_Requirement_
Set down exactly the lines below between the line holding "Fantastic, well-kept home" and the line holding "Sala / Quarto", inclusive; no other line belongs in the answer.

_Material provided_

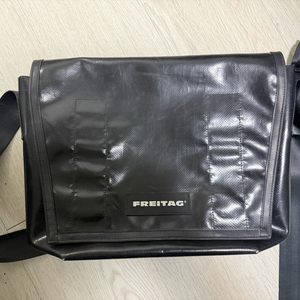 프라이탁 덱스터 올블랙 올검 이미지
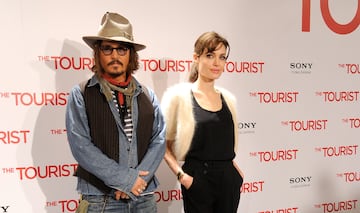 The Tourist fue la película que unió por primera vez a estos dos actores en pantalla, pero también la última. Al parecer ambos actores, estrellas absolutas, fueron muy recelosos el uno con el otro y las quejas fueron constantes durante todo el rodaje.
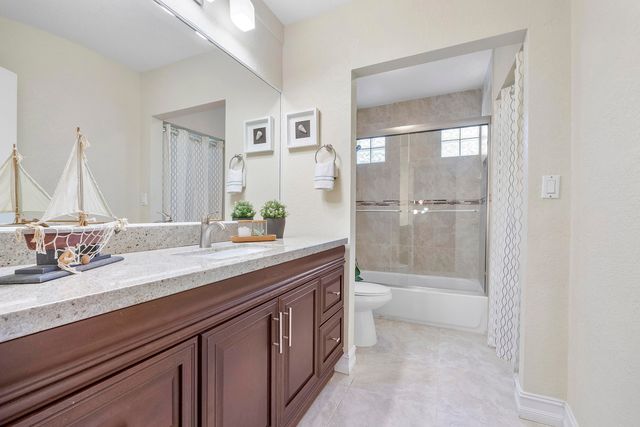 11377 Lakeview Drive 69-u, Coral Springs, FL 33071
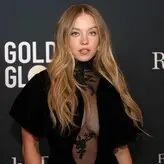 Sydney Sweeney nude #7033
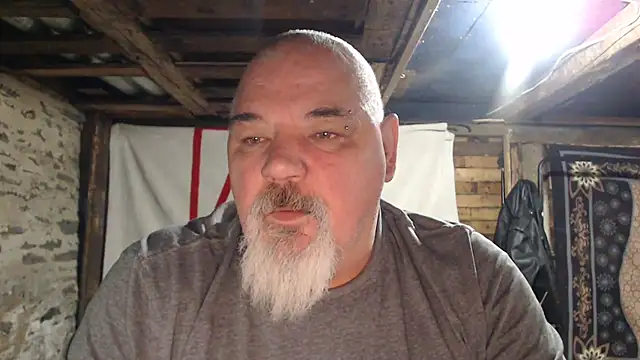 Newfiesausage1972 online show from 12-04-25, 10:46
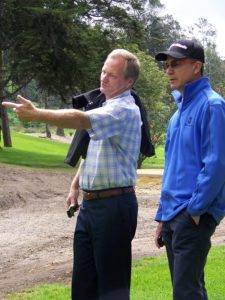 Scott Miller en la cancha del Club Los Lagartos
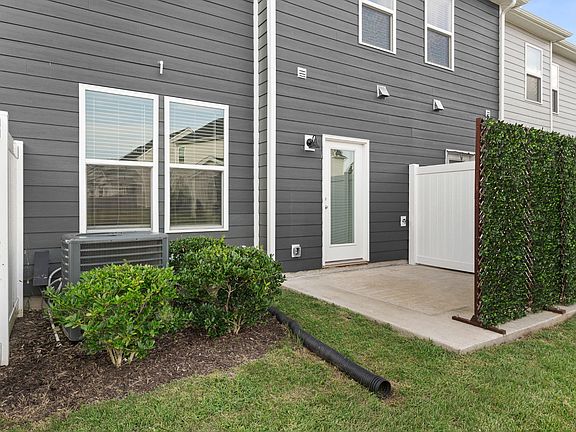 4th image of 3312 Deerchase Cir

---

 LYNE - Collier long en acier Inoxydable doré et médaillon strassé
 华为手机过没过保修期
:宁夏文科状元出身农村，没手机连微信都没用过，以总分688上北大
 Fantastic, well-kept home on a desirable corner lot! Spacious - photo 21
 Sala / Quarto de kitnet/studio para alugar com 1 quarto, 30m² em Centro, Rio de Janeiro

_Output for this exercise_
 Fantastic, well-kept home on a desirable corner lot! Spacious - photo 21
 Sala / Quarto de kitnet/studio para alugar com 1 quarto, 30m² em Centro, Rio de Janeiro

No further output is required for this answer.